Black real estate developers face barriers to growth. A $100M fund targeting Philly aims to assist them.
The collaboration is a response to the challenges faced by Black developers in raising the capital needed to accelerate the growth of their businesses.
A consortium of Black Philadelphia developers is teaming up with a Wall Street emerging-markets veteran to raise investment dollars for real estate projects. It’s a strategy meant to address the yawning wealth and opportunity gap among the city’s developers.
The Collective, as the group is known, has hired former Merrill Lynch executive John Morris’ 17 Asset Management to help raise capital from institutional funds and wealthy private investors seeking to make a positive social impact alongside market-meeting — if not market-beating — financial returns.
The Black Real Estate Impact Fund is to be formally announced at an online event on real estate as an engine for social change on Thursday.
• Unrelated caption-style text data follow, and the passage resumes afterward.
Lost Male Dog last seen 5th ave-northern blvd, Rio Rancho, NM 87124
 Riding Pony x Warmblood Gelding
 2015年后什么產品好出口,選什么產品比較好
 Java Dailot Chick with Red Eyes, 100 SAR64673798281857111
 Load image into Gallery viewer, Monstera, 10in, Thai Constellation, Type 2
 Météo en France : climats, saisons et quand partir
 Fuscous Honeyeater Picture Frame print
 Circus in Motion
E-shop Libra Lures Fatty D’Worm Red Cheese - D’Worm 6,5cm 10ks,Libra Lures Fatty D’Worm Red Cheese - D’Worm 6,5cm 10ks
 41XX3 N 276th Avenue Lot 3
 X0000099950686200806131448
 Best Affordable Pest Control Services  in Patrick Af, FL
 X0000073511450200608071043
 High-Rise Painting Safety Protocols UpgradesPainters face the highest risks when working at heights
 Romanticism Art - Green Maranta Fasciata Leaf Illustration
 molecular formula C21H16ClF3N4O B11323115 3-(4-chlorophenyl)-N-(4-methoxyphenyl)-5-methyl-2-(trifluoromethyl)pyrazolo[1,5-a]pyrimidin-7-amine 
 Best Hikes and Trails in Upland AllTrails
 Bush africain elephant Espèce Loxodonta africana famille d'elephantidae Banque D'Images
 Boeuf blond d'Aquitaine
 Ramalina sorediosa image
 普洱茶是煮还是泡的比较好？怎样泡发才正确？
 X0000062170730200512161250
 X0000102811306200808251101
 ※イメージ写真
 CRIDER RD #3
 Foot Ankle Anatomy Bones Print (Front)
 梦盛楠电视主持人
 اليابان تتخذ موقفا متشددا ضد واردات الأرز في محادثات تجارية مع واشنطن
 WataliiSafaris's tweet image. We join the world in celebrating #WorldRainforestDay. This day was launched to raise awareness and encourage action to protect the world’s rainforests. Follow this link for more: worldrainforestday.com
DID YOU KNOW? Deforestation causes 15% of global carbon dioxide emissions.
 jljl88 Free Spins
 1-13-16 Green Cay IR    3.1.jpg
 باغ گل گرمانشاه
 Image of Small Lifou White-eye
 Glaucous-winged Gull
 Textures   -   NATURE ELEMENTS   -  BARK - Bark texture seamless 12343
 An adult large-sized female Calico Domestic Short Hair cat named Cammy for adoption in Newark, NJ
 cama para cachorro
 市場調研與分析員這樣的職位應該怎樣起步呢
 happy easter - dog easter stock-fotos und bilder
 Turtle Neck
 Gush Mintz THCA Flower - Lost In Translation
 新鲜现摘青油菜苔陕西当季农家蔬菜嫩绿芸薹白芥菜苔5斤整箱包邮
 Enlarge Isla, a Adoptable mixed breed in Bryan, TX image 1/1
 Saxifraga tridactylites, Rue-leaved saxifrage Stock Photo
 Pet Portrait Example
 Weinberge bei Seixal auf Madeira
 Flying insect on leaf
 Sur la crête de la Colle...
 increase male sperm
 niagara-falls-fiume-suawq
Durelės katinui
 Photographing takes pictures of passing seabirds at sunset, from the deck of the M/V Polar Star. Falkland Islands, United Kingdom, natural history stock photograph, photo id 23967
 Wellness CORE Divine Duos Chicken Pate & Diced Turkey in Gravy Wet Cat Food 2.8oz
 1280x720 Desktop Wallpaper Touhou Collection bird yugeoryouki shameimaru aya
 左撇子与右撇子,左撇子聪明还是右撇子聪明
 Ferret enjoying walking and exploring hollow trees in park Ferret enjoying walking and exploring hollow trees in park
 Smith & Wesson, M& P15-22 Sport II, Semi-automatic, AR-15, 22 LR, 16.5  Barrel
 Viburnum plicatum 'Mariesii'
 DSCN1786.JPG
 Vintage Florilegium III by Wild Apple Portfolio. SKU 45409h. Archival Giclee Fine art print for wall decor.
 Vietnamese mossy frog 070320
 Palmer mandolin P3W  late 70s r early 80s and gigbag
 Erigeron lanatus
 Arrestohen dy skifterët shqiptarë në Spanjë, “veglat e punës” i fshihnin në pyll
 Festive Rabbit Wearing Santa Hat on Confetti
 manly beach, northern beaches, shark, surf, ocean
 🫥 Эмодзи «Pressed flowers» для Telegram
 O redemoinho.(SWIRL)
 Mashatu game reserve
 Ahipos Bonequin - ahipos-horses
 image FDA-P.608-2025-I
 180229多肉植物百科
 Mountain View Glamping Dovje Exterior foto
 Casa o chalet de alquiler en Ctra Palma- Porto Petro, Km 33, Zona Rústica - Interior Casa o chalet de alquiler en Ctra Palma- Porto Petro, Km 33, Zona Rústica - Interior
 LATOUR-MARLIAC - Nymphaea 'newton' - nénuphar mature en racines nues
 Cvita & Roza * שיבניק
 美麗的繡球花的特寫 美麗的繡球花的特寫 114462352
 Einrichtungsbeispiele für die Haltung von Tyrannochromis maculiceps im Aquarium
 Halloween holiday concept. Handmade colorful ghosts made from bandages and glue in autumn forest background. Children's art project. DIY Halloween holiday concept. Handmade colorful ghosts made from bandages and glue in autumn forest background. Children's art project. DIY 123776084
The Collective and Morris are seeking to attract $100 million for its initial funding round.
The collaboration is a response to the challenges faced by Black developers in raising the capital needed to accelerate the growth of their businesses, which has left them and other marginalized groups underrepresented in the industry’s leadership.
“What we’re trying to do is even the playing field and equalize their access to capital so that those barriers are easier to overcome,” said Sandra Dungee Glenn, a founder of the Collective.
The Philadelphia chapter of NAIOP, an association of commercial real estate developers, has no local demographic data on industry participation but cited a 2013 study showing that just 1.3% of senior-level commercial real estate jobs nationally were held by Black men. For Black women, the number was less than 1%.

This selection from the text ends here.